10 Tips for Learning Spanish
by Louise Wisechild, Ph.D.
Learning Spanish can be a great asset for traveling in Latin America. Studying in Guatemala can open a door to the incredible cultural richness of Guatemala and to new Spanish-speaking friends. At the same time, learning Spanish can be daunting, especially in the beginning when you don’t know what to expect. Here are a few things to keep in mind.
1. A few people possess a genetic gift for learning languages. This does not mean that the rest of us are stupid. But it does mean we will likely be using flash cards and at times we’ll marvel at the patience and kindness of the native speakers.
2. Immersion learning allows more opportunities to hear and to practice Spanish but it does not magically insert the language into your brain, just as throwing a non-swimmer into deep water does not teach her how to swim. This is why language schools assign homework.
3. Spanish is composed of about 100,000 words—only about half the number of words that exist in English. Still, how many new words of any language do you routinely add to your vocabulary? Fortunately, some Spanish words resemble the English counterparts. Beyond this resemblance is the matter of the feminine and masculine articles, irregular verb forms in a multitude of tenses, greater flexibility of sentence structure and of course the actual sound of the words in Spanish. To stay optimistic, comfort yourself with the fact that you are getting a great brain workout.

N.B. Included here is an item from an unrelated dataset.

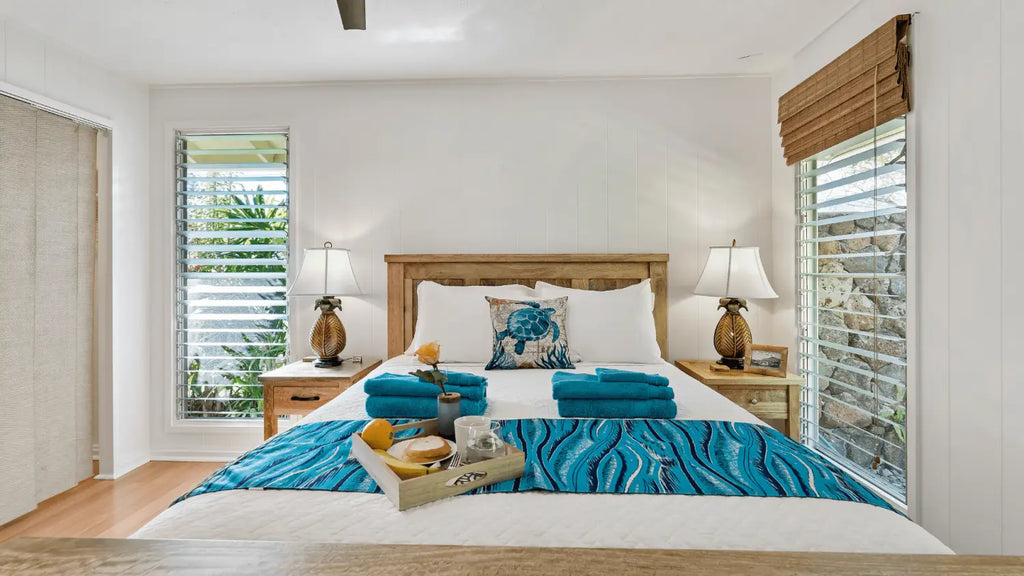 comment faire un abat jour avec deux cercle separer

4. Grammar is basic to learning language. Perhaps you were absent the week that indirect objects or past participles were being covered in grade school. In Spanish immersion school, the teachers will likely assume that you already know the parts of speech. Don’t be ashamed of scuttling off to the internet café and reviewing the basics of English grammar. Congratulate yourself on becoming more fluent in both Spanish and English.
5. The squiggles above the words are not optional, but are actually part of the word, e.g., mañana, tú.

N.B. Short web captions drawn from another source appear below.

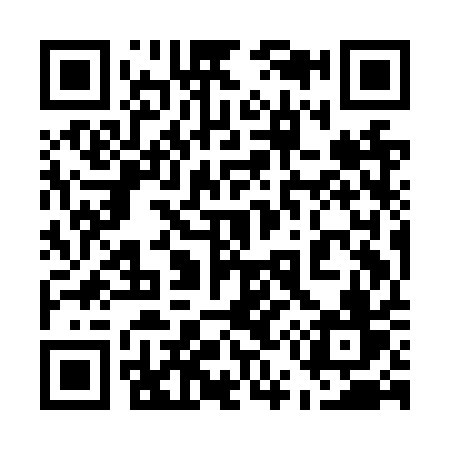 QR code for 559NQV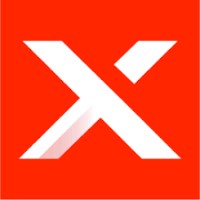 BREEX Nederland B.V. Logo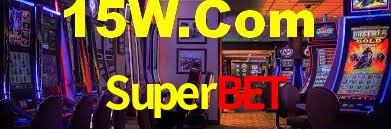Exclusive Games Superbet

6. While it is tempting to mumble the endings of the words instead of actually learning the slight but significant variations in their endings, which indicate tense and gender, this is a short-term solution that an adept Spanish teacher will not let pass. Practice saying the whole word distinctly.
7. Cramming many verbs and tenses into your mind in a short period of time will not help you become conversationally adept in Spanish. This is why immersion teachers have you play word games and engage you in conversation. This is also the reason some people with university degrees in Spanish cannot actually speak the language. 8. While a student can err in trying to learn too many verbs in a short time, it is also possible to become too firmly attached to your five favorite ones. When you notice you’re relying on the same words in your conversation, start adding synonyms and more specific words to your vocabulary.
9. Obviously, it is better to socialize with native Spanish speakers than English-speaking language students. But this involves risking conversation when you’re not very adept at it. Once, after speaking in what I thought was a pretty good Spanish, the Guatemalan I was talking with said, in perfect English, “This is why I love Americans. They just start talking in Spanish, whether they know how to speak it or not. We Guatemalans are too afraid of making a mistake to practice our English.” This gave me the perfect opportunity to invite him both to correct my Spanish and to recklessly practice his English with me.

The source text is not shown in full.